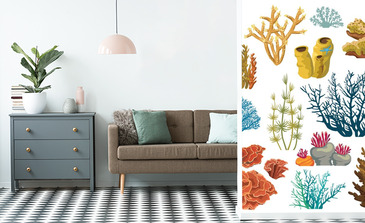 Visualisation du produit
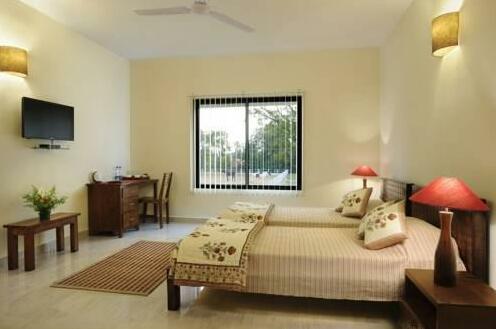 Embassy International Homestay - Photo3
--
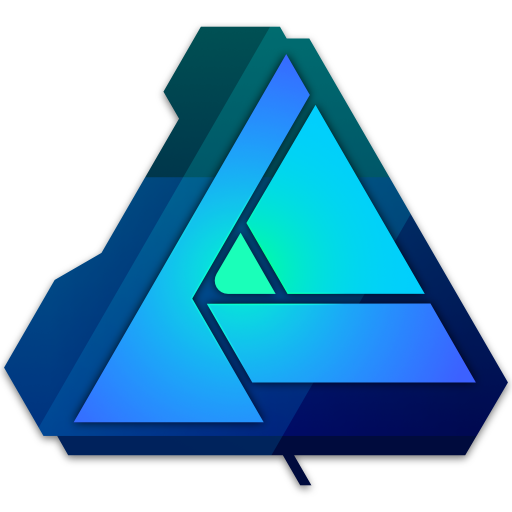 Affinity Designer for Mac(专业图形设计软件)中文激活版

- Task brief -
Starting at the line containing "Visualisation du produit" and stopping at the line containing "Embassy International Homestay - Photo3", output every line above exactly, both ends included, with pictures omitted.

- Solution to this problem -
 Visualisation du produit
 Embassy International Homestay - Photo3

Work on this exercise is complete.